While discipline, willpower, accuracy tend to last a week or two (at best); this year, with preparation adhered rigidly to, you can make it past three weeks and bingo – you have the bones of a new habit formed. A behaviour change is in your sights. You are on the horse. NOW AL YOU HAVE TO DO IS STAY ON!


5. Maintenance

After some time (possibly up to six months) you no longer have to actively maintain the changes to your behaviours around food, exercise, shopping, drinking, moving. Because you have put in a consistent (not perfect, necessarily) effort, the payoff becomes that the effort turns, ever so gradually, to your new norm. “It’s just what I do now”, I have been told so often. It gets easier and easier. The more you trust in yourself, the more trustworthy you become.

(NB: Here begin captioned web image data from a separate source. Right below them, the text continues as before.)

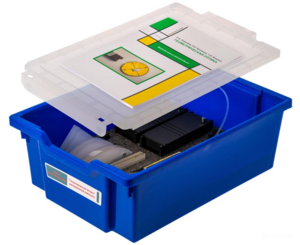 Набор демонстрационный «Геометрическая оптика» (расширенный комплект) - fgospostavki.ru - Кубинка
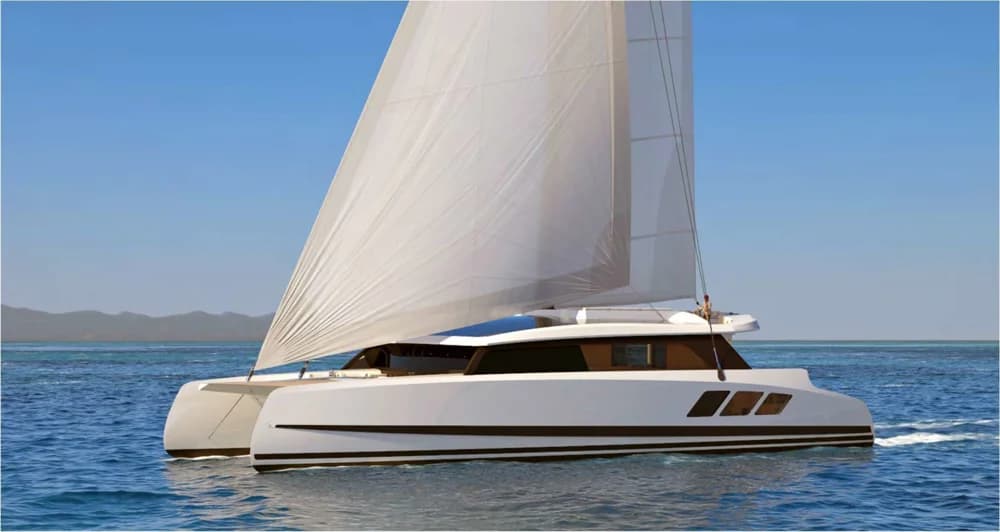 ECO YACHT 100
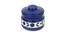 Jak Canister (Blue) by Urban Ladder - Cross View Design 1 - 398524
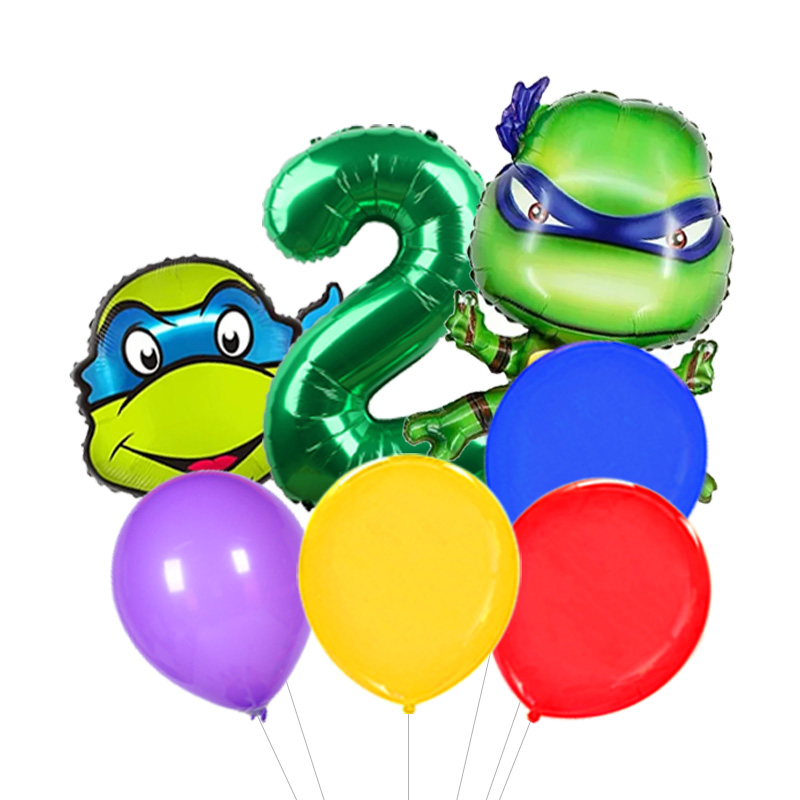 Ensemble de ballons en alumini - Model Kit Ninja avis et prix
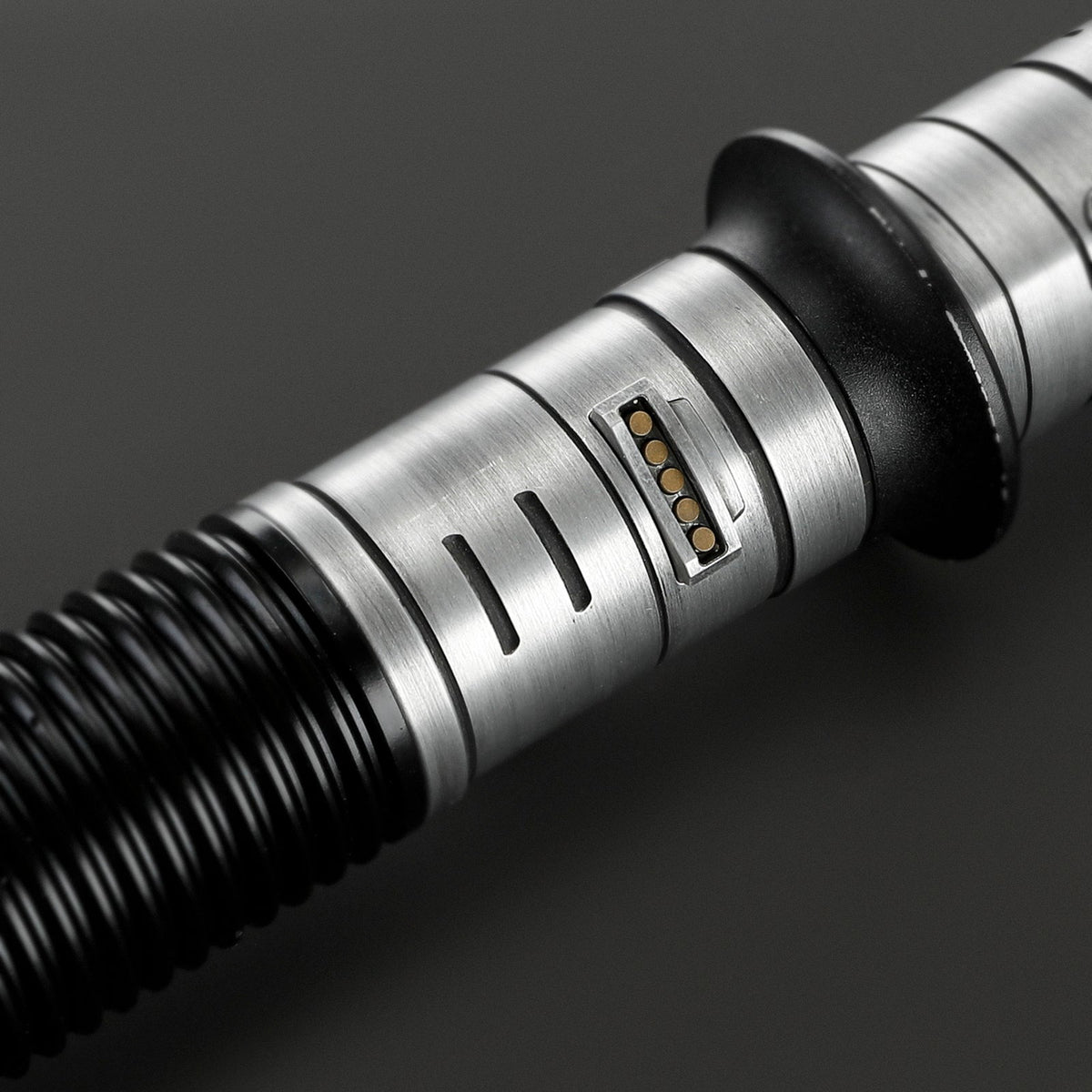 Rapierificsaber Lightsaber Baylan BLS Light Saber Combat Lightsaber Motion Control Pogo Core Weathered Hilt 33CM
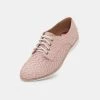 Rollie All Shoes Derby Geo Snow Pink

You wouldn’t leave home without your breakfast. You wouldn’t leave home without your lunch. You wouldn’t dream of having no food in the house. You wouldn’t miss a day’s exercise or movement.

Your new behaviours in January have become your new habits by February and the new ‘you’ by June. When you understand this, you can finally see the light at the end of the weight-loss tunnel.

Now you understand why I don’t want you weighing yourself every day in January – it’s too much negative energy and too much of a distraction form your behaviour-change goals. It’s your behaviours you want to change. STOP, today, reinforcing the old habits that have left you down so often. Try a different approach this year. Trust in it. Let the results be a very pleasant surprise…..in your clothes. And if necessary to your sanity, you can dig-up the weighing scales from where you buried it in the back garden and dust it down in February, once your habits are beginning to solidify. NOT BEFORE THEN.


6. Relapse

In the real world, which I inhabit for the most part, we fall off the bandwagon; we “fail”; we lapse, on occasion. This is NO BIG DEAL. Understand that this is a normal, expected stage in making any successful behaviour change. The great news here is, that, because it is expected, we can remedy it. How? By being prepared!

Fail to prepare, prepare to fail! Okay, so you fell into the bottom of the box of chocolates that someone accidentally left open on the coffee table in front of the tv. It happens. You consumed 100g of chocolate. You added 500kcal to your day that was totally unaccounted for. HELP! What do you do now?

Well, as I see it (and have seen it more often that I can count) you have two choices; you can, one; eat another 500kcal worth, that you don’t even like that much and then dig out the unopened pringles, baileys and whipped cream (so that a 500 kcal excess becomes a 3,500kcal excess). Or, two; with your newfound understanding of the psychology of making a behaviour change, you recognise this as a ‘lapse’; not a full-blown ‘relapse’ and you go to bed with a glass of water and no guilty feeling. The following morning you get up and replicate the good habits of the day before, ideally with an additional twenty minutes of exercise added in , in order to eat into the glycogen stored-up since the last evening’s sugar hit. That’s it. You are on the horse and you are staying on! So you hit a bump in the road. So what! It was a once-off. END OF.

The more frequent reaction is to go into full binge-mode. Do, as I exaggerate here (not by much, mind) and your 3,500kcal is, in scientific terms, one pound of fat gained. It’s that easy, sadly. Because you are used to starting again the next Monday, you can do some serious calorie-damage for the remainder of the weekend. A week’s work can be gone and your motivation to get back into action wanes. You’ve been here before.

Instead, allow for occasional lapses. Recognise them when they happen. They will become less scary and as a result, much less frequent. You can get right back into action. Never overlook the importance of preparation though, as this is the bedrock of success in my experience.